Portrait photo retouching is a photo retouching task that emphasizes human-region priority and group-level consistency. The lookup table-based method achieves promising retouching performance by learning image-adaptive weights to combine 3-dimensional lookup tables (3D LUTs) and conducting pixel-to-pixel color transformation. However, this paradigm ignores the local context cues and applies the same transformation to portrait pixels and background pixels when they exhibit the same raw RGB values. In contrast, an expert usually conducts different operations to adjust the color temperatures and tones of portrait regions and background regions. This inspires us to model local context cues to improve the retouching quality explicitly. Firstly, we consider an image patch and predict pixel-adaptive lookup table weights to precisely retouch the center pixel.
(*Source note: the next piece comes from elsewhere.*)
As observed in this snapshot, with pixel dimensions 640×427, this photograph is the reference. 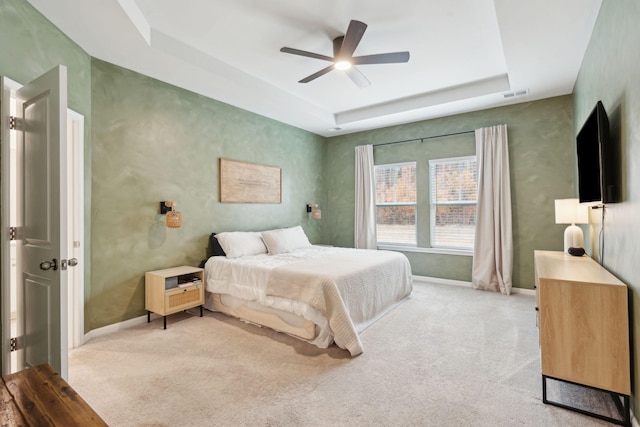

Secondly, as neighboring pixels exhibit different affinities to the center pixel, we estimate a local attention mask to modulate the influence of neighboring pixels. Thirdly, the quality of the local attention mask can be further improved by applying supervision, which is based on the affinity map calculated by the groundtruth portrait mask. As for group-level consistency, we propose to directly constrain the variance of mean color components in the Lab space. Extensive experiments on PPR10K dataset verify the effectiveness of our method, e.g. on high-resolution photos, the PSNR metric receives over 0.5 gains while the group-level consistency metric obtains at least 2.1 decreases.